## Batting Averages: Bayesian vs. MLE Estimates

It’s American baseball season, and I’ve been itching to do more baseball stats. So in the interest of explaining Bayesian posterior inference with an example…

### Batting Averages

A player’s batting average is his number of “hits” divided by his number of “at bats“.

### Binomial Model of Batting

For simplicitly, we’ll model a sequence of $N$ at bats using a binomial distribution with a $\theta$ probability of getting a hit in each at bat. This assumes that the sequence of at bats is independent and identically distributed, aka iid.

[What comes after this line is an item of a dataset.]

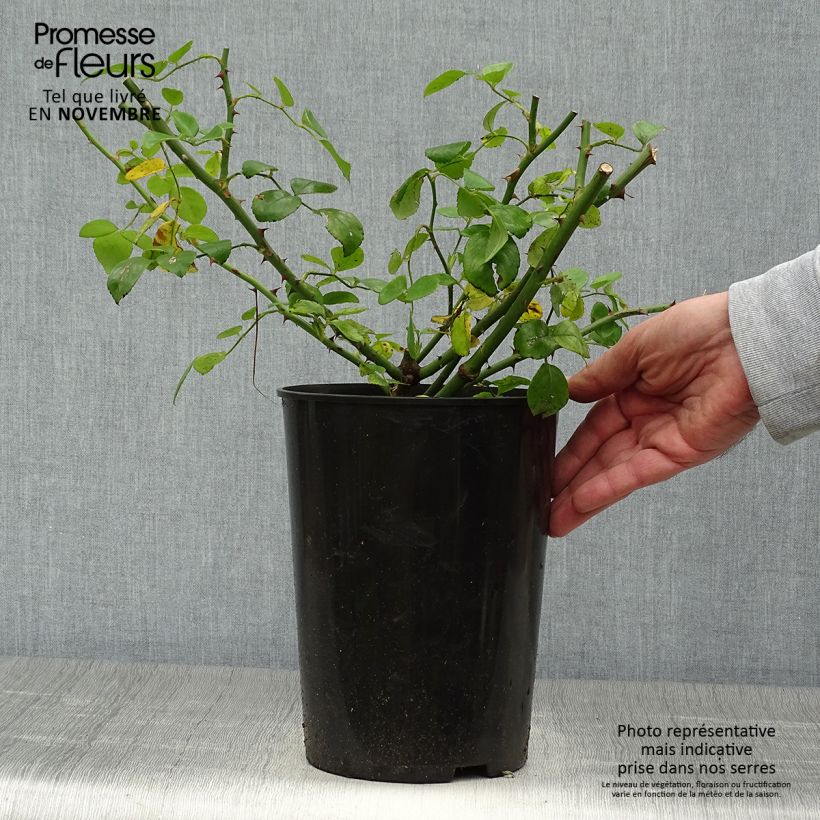 Example of Rosa wichuraiana New Dawn - Kletterrose Topf mit 4L/5L as you get in automne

Of course this is wrong. All models are wrong. It’s just that this one’s more wrong than usual, despite the popularity of the batting average as a summary statistic. (See the second last section for a reference to a better model.)

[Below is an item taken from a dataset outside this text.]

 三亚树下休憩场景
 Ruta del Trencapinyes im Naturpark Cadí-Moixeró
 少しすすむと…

### Maximum Likelihood Estimate (MLE)

Given a sample (aka training data) consisting of a player with $m$ hits in $M$ at bats (where $m > 0, (M-m) > 0$), the maximum-likelihood estimate (MLE) of the ability $\theta$ is $m/M$, aka the player’s batting average.

### Uniform Prior

We assume a uniform (aka noninformative) prior distribution over abilities.

This is also wrong. We know major league position players don’t bat under 0.200 or they’d be fired, and no one’s had a batting average of over 0.400 since Ted Williams.

But we’ll have to come back to issues with the prior later. This post is just to clarify what integration over the posterior does for inference, not what an informative prior does.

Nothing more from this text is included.